Individual’s personal blog that will be useful for all those who want to keep in contact wherever I go / Blog personal de un individuo que será útil para todos aquellos que quieren tener contacto donde quiera que voy

7 jun 2013

Thirsty

People often use the example of the half full or half empty glass of water to determine whether a person is optimistic or pessimistic. That example has never worked with me though. I can't manage to give a simple answer. I don't consider myself optimist nor pessimist in general. I never knew what to answer because I didn't find that was the right question to ask. Some people say I am a strange guy because of my thoughts and how I express them, but I don't consider myself especially strange. The more I move and the more people I know, the more people I meet who share my ideas. What I can say it is true is that I've got some particularities, just the same as others but in a higher proportion, just to explain it somehow. Some people also tell me that they think I am clever, for sure others think I am not but they don't tell me. I don't consider myself especially clever either. I think it is true that I use my intellect in a different way to most, but it is not that I am more intelligent than the average. That's what makes me think and express in the way I do it and what makes many around me call me strange or even clever.

I've never seen that glass half full or half empty. Neither option suits me. For some years I've come to see that there is half glass of water, that's all. There is just half glass, full stop. The point is not to think whether my spirits are better or worse when I have a look at the glass; they remain unchanged after the first sight. To determine whether that's good or not, since everything is relative, I come back to think of me after seeing the amount of water. Will it be enough? Do I fancy drinking something else? Do I also fancy a snack with it? I will be in good or bad or the same spirits depending on how thirsty I am and what else I fancy.

During this year 2013 I am looking often at the glass and thinking about what it has and what I feel like. A friend of mine, even though I think he has his feet on the ground, has an esoteric touch. We both are Aquarius (just a few days difference) and we both have other things in common regarding our thoughts and the way we express them. He insists that he is having a year of changes and it is happening the same to me. To be honest, I don't know if it is just coincidence or not, but I can't tell him he's not right. I think that 2013 is a year in which I am changing, maybe finishing a cycle and starting another.
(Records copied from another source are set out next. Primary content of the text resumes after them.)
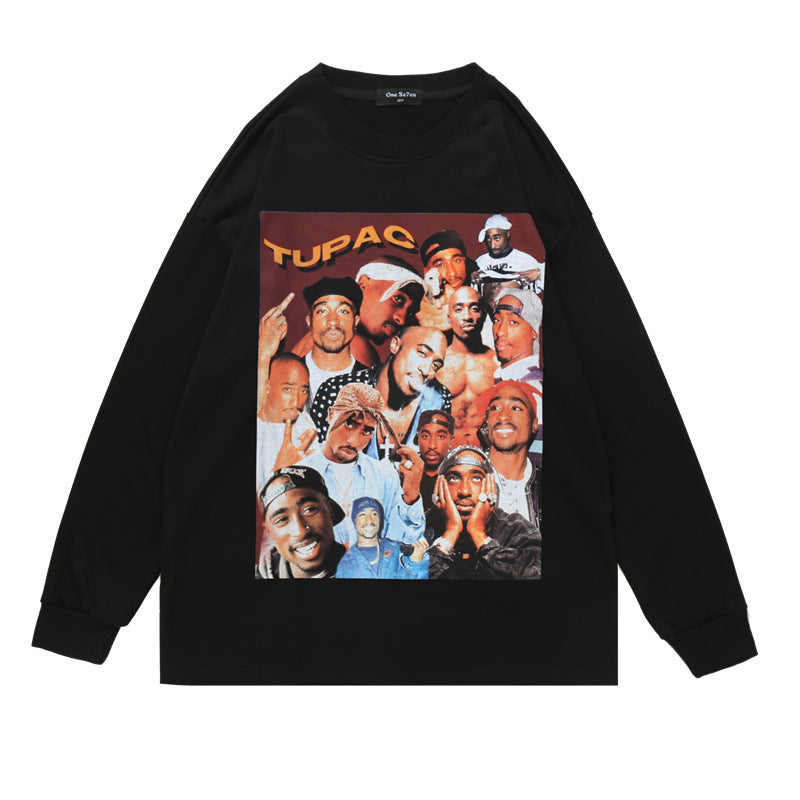 Man Fall Outfits Printed Sweater Men and Women Street Hip Hop Retro Long Sleeve T-shirt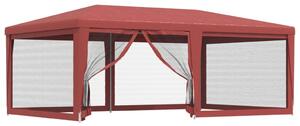 VidaXL Šator za zabave sa 6 mrežastih bočnih zidova crveni 6x4 m HDPE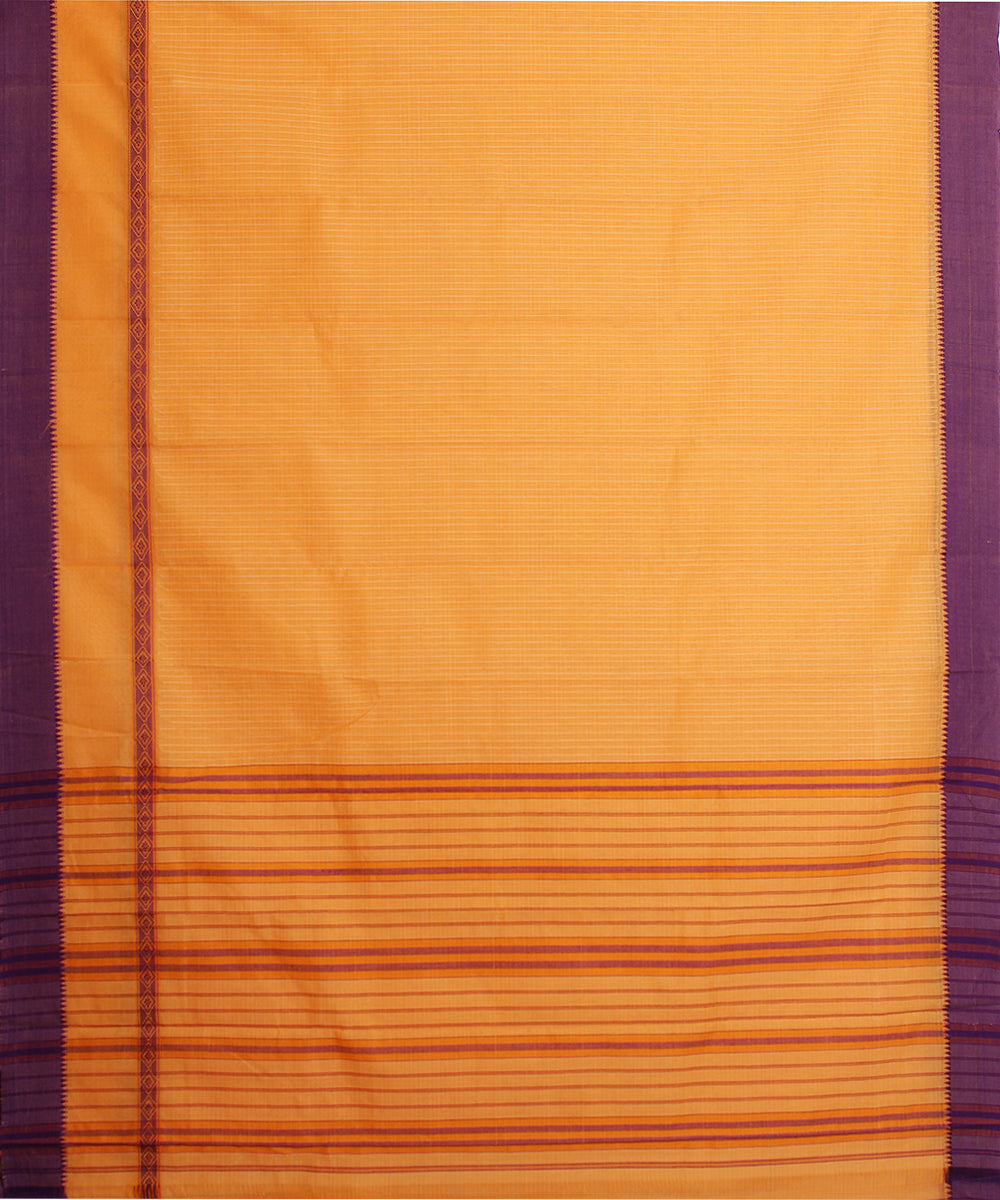 Yellow hand loom narayanpet cotton sari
For this change, however, I am looking more inside than outside. I don't think this change will translate into a new job, a new flat, a new city or other material stuff of that kind. I think that the change (maybe an evolution, maybe not) happens in my thoughts and the way I express them. All the material aspects are quite ok in the way they are and I wish they remain the same for the time being. The glass of water looks the same as last year and the previous one and I was more than happy with that. My trips, my friends, the job, the studio, the parties and my life here keeps being great and I still like it. However, I look at the glass now, then I think about me and I see that it is not enough. I am not going to get in a rush, I am usually more reflexive than impulsive, but I want more from me and my life.